── DATA FOR THIS EXERCISE ──

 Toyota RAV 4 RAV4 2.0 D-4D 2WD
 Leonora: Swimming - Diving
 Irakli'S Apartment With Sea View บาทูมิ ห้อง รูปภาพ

───
── DATA FOR THIS EXERCISE ──

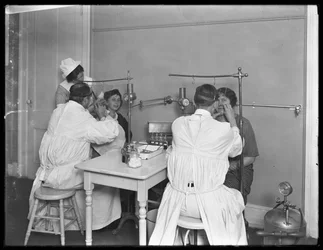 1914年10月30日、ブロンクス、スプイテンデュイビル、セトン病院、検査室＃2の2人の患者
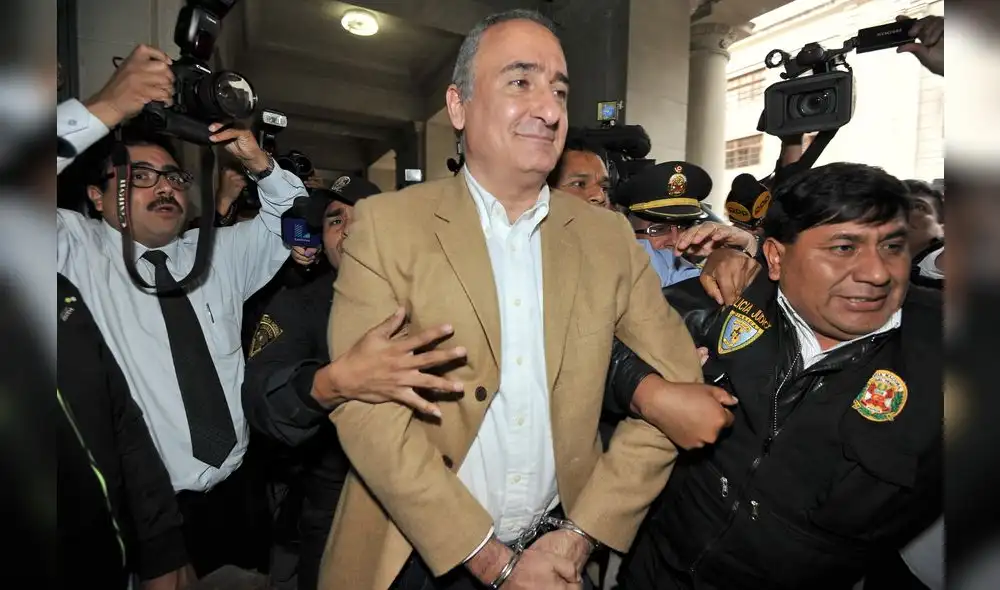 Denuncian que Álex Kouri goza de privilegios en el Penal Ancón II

───

-- TASK OBJECTIVE --
Everything from the line with "1914年10月30日、ブロ" through the line with "Denuncian que Álex" in the material above should be transcribed exactly, except the pictures.

-- OUTPUT --
 1914年10月30日、ブロンクス、スプイテンデュイビル、セトン病院、検査室＃2の2人の患者
 Denuncian que Álex Kouri goza de privilegios en el Penal Ancón II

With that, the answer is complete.